The problem with the previous examples is that life doesn't work the way the scenarios were setup. Hopefully, our income increases over 25 years and doesn't remain static. Surely, our expenses don't stay the same over that period of time.  (Can you say oil prices!) Real life happens. That is one reason My Debt Elimination Calculator creates estimates. All this tool can do is estimate (or simulate) what will happen over time if the income and expense information remains as predicted. So when real life happens, what does the HELOC Based System do to absorb the real life event?

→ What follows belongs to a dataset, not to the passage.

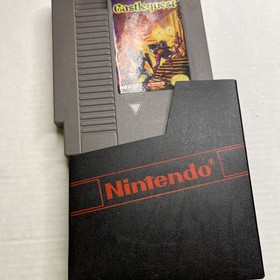Castlequest Nintendo Entertainment System NES game Tested Working CLEAN +Sleeve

$2,000 Loan with $50 Extra Payment and $300 Car Repair on Credit Card
To demonstrate a "Real Life" event let's return to the $2,000 loan example - just to keep the math simple. The "Real Life" event is a $300 car repair bill that is paid the 3rd month into the loan term. The Extra Payment method only has $50 available to pay for the car repair. Since $50 isn't enough to cover it, the car repair is put on a credit card charging a 12% annual interest rate. Each month the extra $50 will be used to pay down the credit card balance. I am not able to use My Debt Elimination Calculator to generate this result, so I had to compute it manually:




$2,000 Loan using HBSDE with $300 Car Repair
Thankfully, I can let My Debt Elimination Calculator generate this result! We will go back to using a HELOC with a $5,000 credit limit at a 25% annual interest rate and an injection amount of $120. If you look closely at the Transaction Details, you will see that the car repair was paid by taking $300 directly out of the HELOC. My Debt Elimination Calculator generates the following results:



Just like the Extra Payment method, the loan and car repair was paid off in 11 months. The total cost using the HELOC Based System is $2,385.06 ($2085.06 + $300.) This is cheaper by $4.72! The complete estimate is found by clicking here.

In the "Real Life" example, the HELOC based system paid off the debt in the same amount of time and increased the amount that was saved overall. It did this while not overly stressing out the financial situation - more money was available if needed from HELOC - whereas the Extra Payment method is strapped - the only extra money available is from the credit card. (Technically, both cases are borrowing money to get the bills paid. With the HELOC Based System, I never feel that I am borrowing "new" money - I always feel that I am using equity from my house. To me, there is difference - at least a psycologically.)



Does the HBSDE always do better?
I seriously doubt it. With that said, I have not yet been able to construct an example using the optimal injection amount as calculated by My Debt Elimination Calculator where the Extra Payment method wins. However, you can very easily use an "unoptimal" injection amount and do worse than the Extra Payment method. Of course, when the difference is pennies or even hundreds of dollars, you have to take into account the price you pay for your HELOC product to determine if it is worth it.